- Born: Florence M. Lishey November 20, 1912 Los Angeles, California, U.S.
- Died: October 26, 2006 (aged 93) Thousand Oaks, California, U.S.
- Occupations: Dancer; actress;
- Years active: 1936–1947

= Florence O'Brien (actress) =

American actress, dancer and singer (1912–2006)

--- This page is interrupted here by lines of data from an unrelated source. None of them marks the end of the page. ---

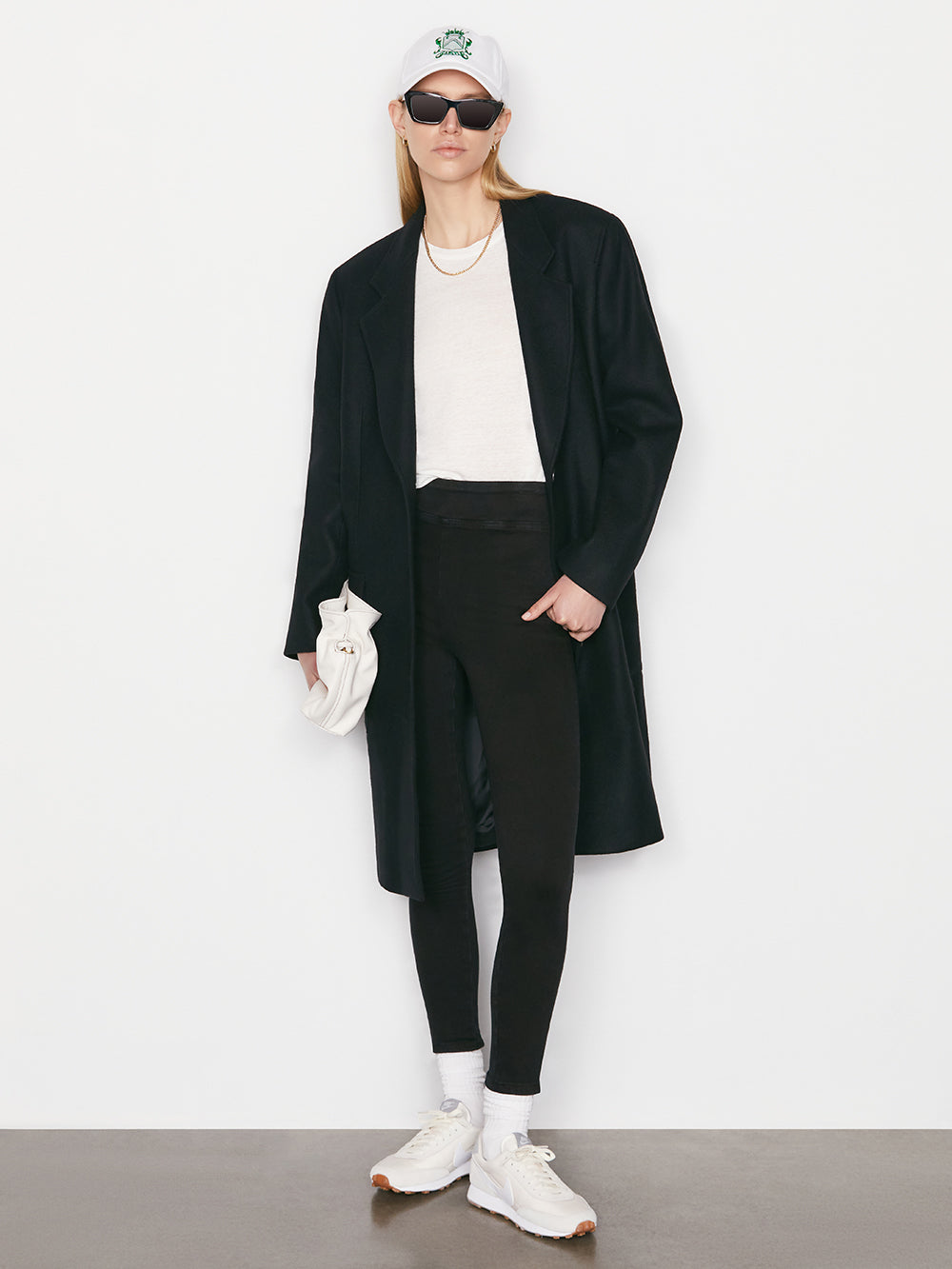 Secondary image for The Jetset Skinny Crop -- Sheen Noir
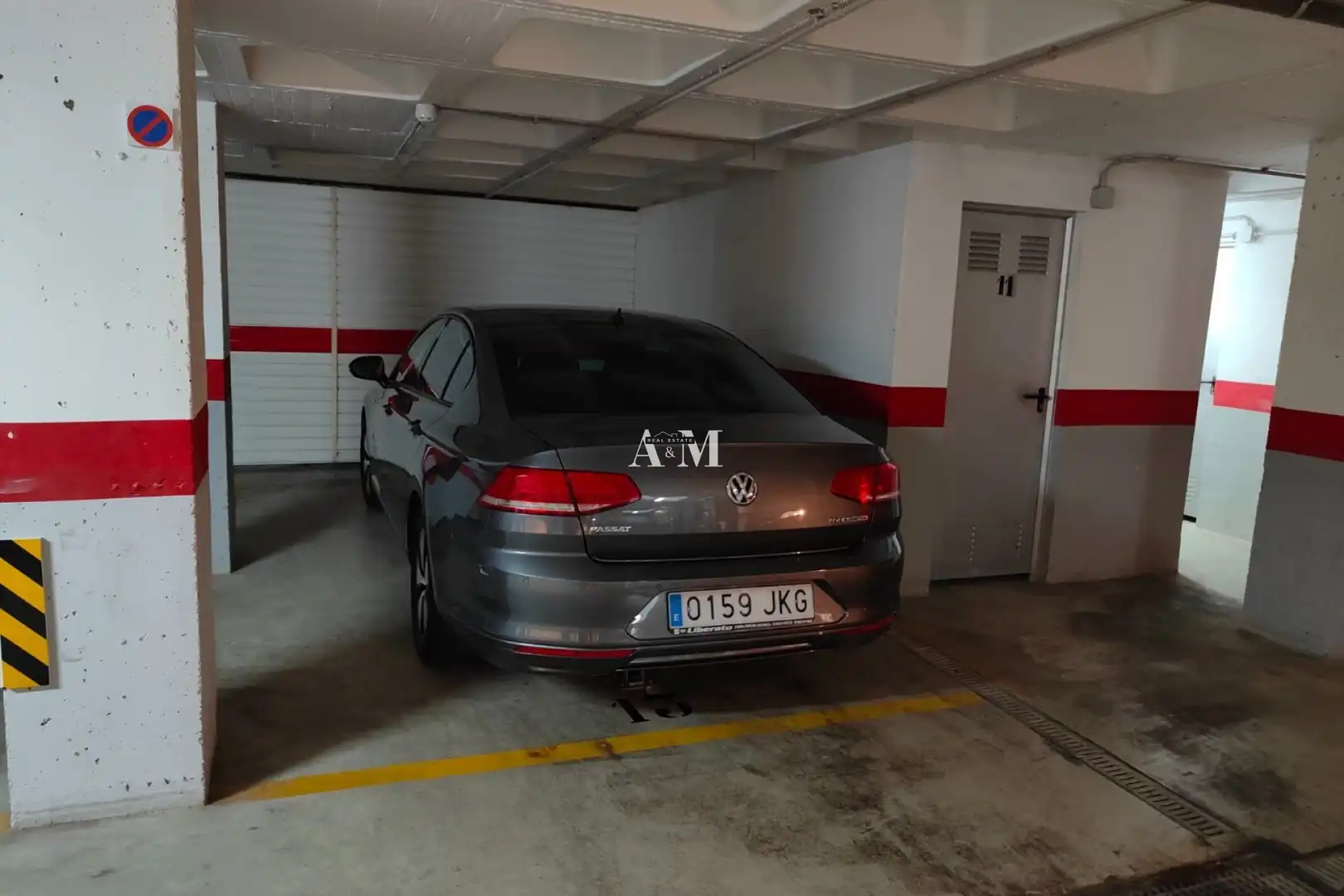 Aparcament de Pis de lloguer en San Pedro del Pinatar amb Aire condicionat, Calefacció i Piscina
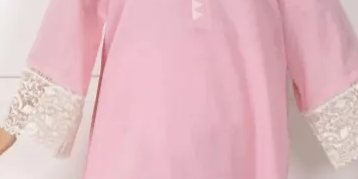 Pink Lawn Shirt with Embroidered Matching Shalwar – SHK-955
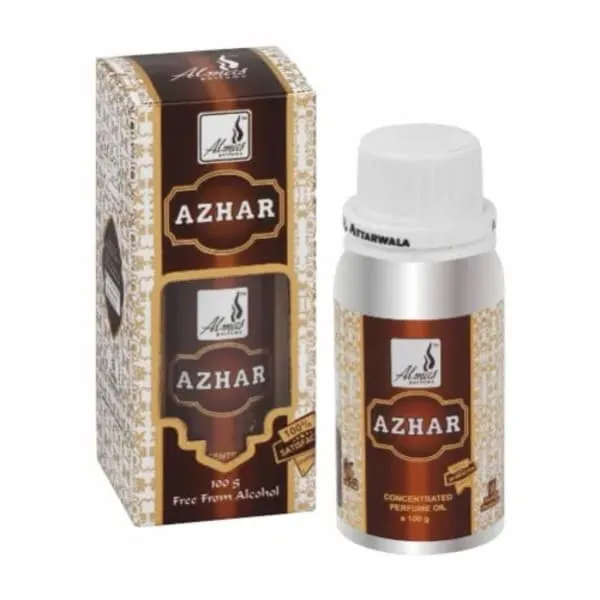 Azhar Undiluted Perfume Oil - 100ml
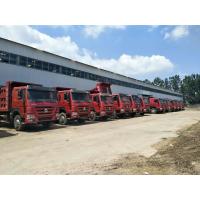 Buy cheap Popular Used Dump Trucks / 6x4 Dump Truck With HOWO Engine Euro III Emission product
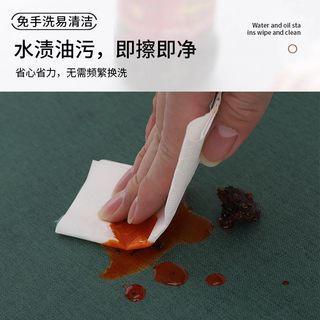 Hàng sẵn có Vận chuyển nhanh Khăn trải bàn tròn lớn 2.4M Chống thấm dầu Màu trơn Khăn trải bàn gia đình TPU Nhiều lớp Khăn trải bàn tròn Nhà hàng Cảm giác cao cấp 01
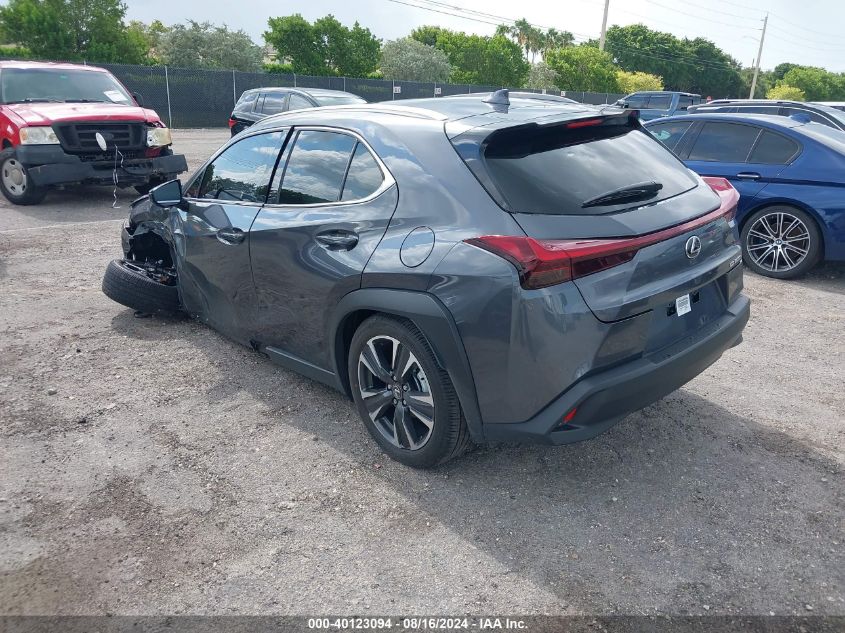 2025 Lexus Ux 300H VIN: JTHYBJAH1S2007195 Lot: 40123094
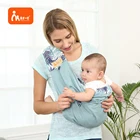 Wholesale Amazon hot-sale Christmas gift newborn wrap organic printing baby sling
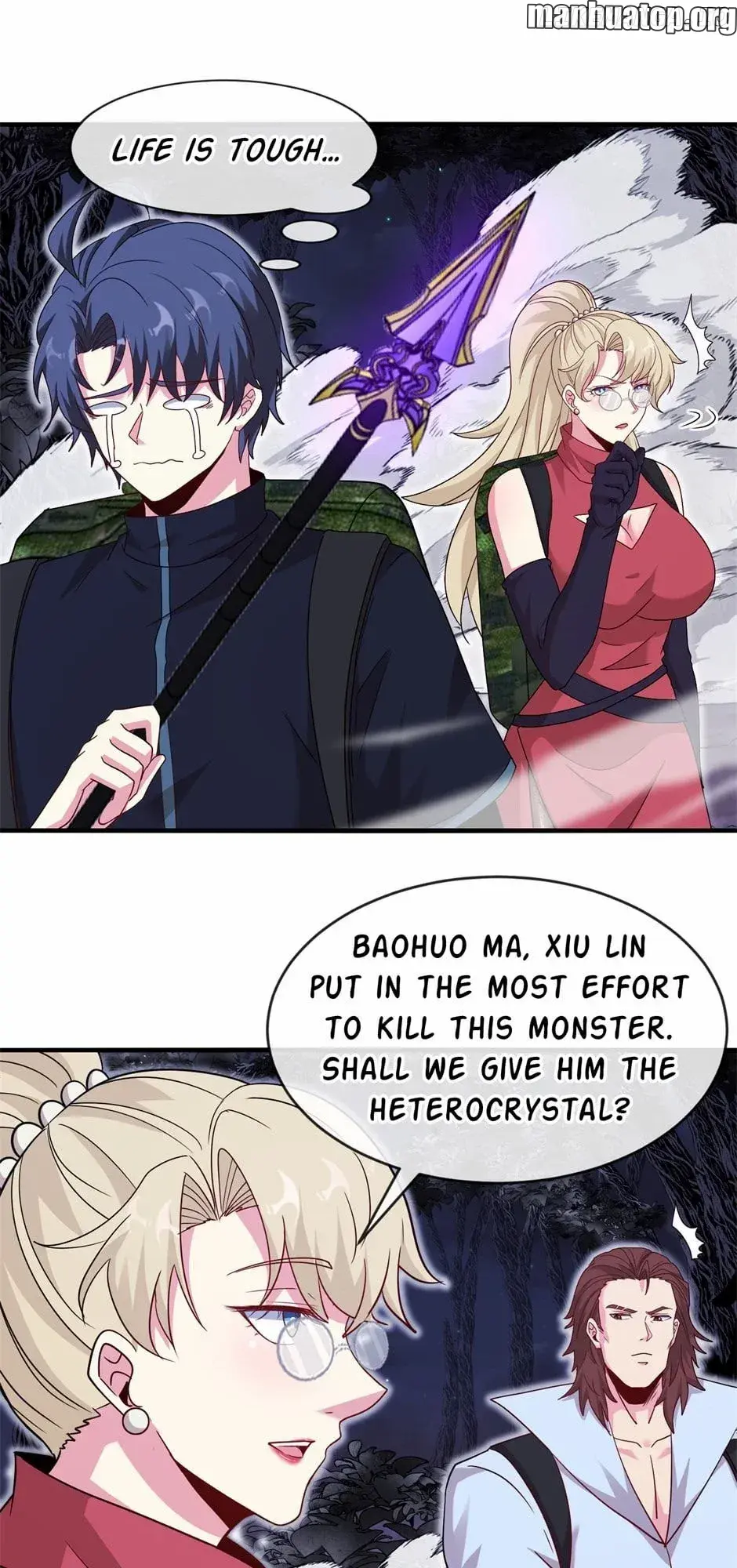 Divine Leveling System — Chapter 113 — page 40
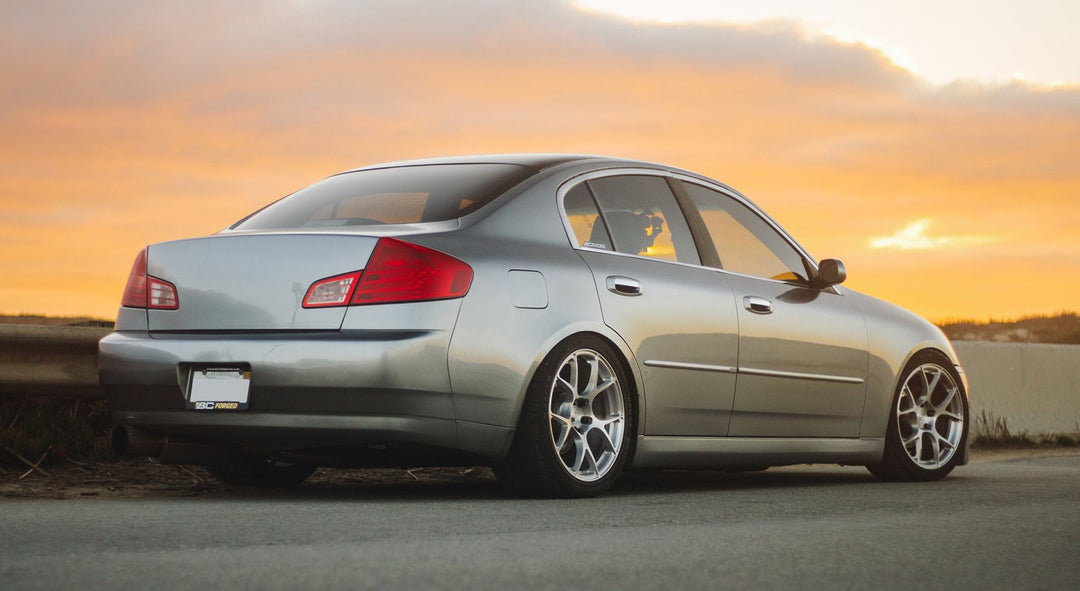 INFINITI G35 FORGED WHEELS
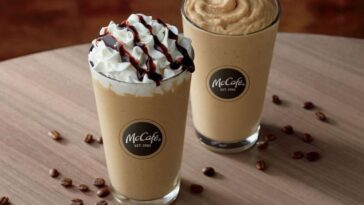 Does McDonalds sell iced coffee all day?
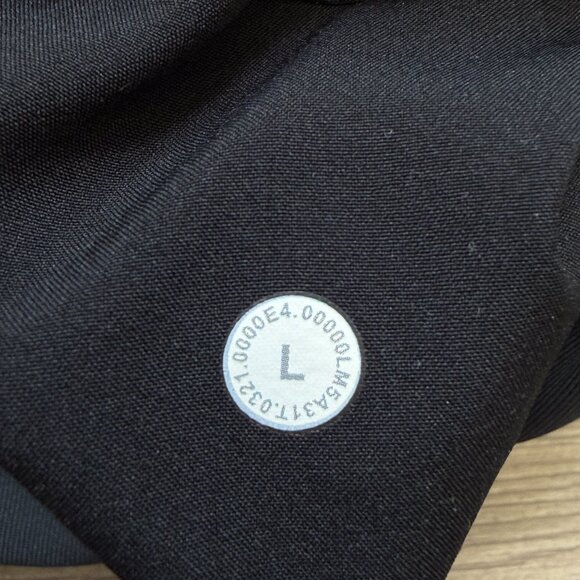 Lululemon ABC Jogger Pants Mens L Tall Warpstreme LM5A31T Dark Gray Active - Picture 6 of 8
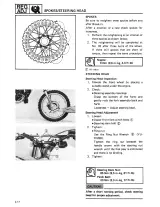 1986 Yamaha YZ80 Repair Manual (P/N LIT-11626-05-14) – preview page 5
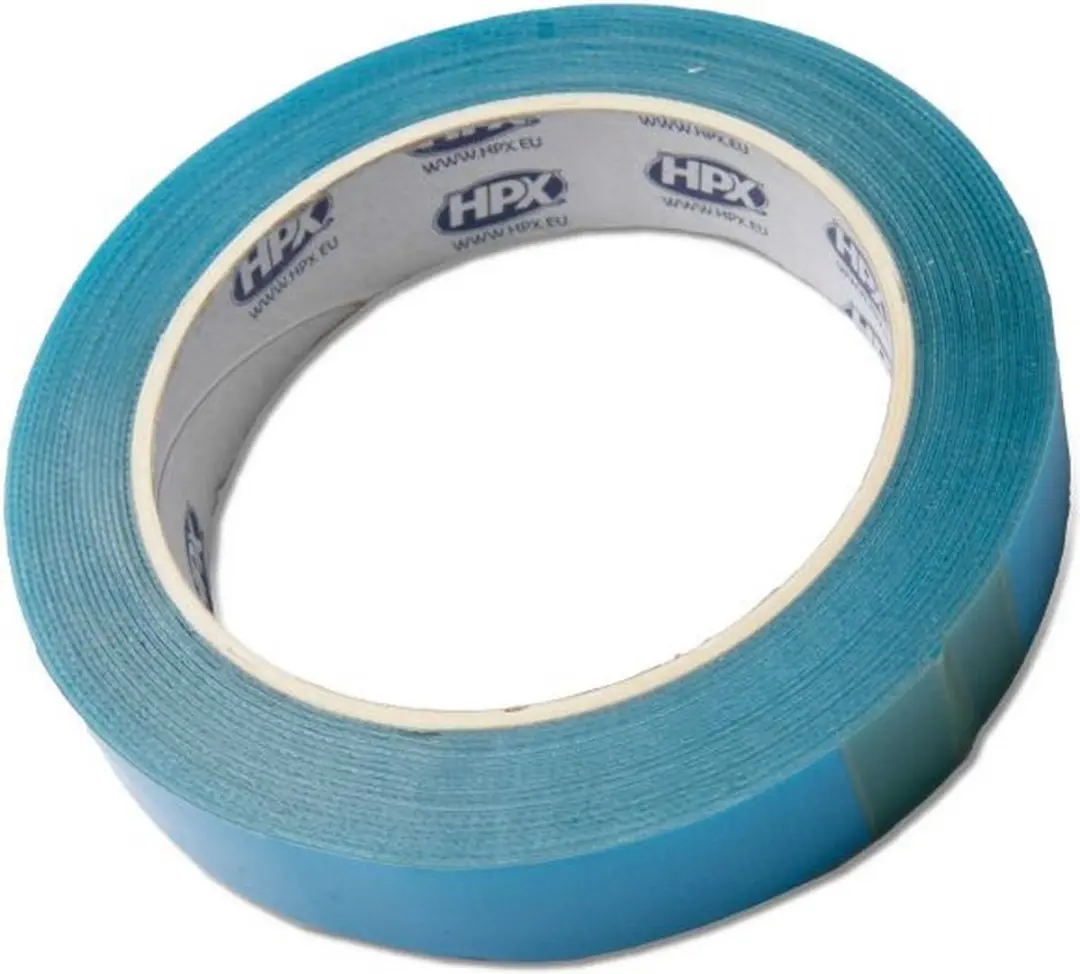 HPX Blauwe Dubbelzijdige Tape 20mm x 33m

Florence O'Brien (born Florence M. Lishey; November 20, 1912 – October 26, 2006) was an American film and stage actress, dancer, and singer, perhaps best known for the stage performance that directly launched her screen career, her portrayal of Sulamai in the Federal Theater Project production of Hall Johnson's folk-opera, Run Little Chillun.

==Early life and career==
Born November 20, 1912, in Los Angeles, California, O'Brien was the younger of two children of Lizzie Mae (née Jones) and Reginald Lowell Lishey. As early as August 1923, public performances by both siblings were documented by the California Eagle, when they took part in a concert staged to benefit the local YMCA, with Florence offering a vocal solo and Reginald Jr. co-starring in an original one-act play.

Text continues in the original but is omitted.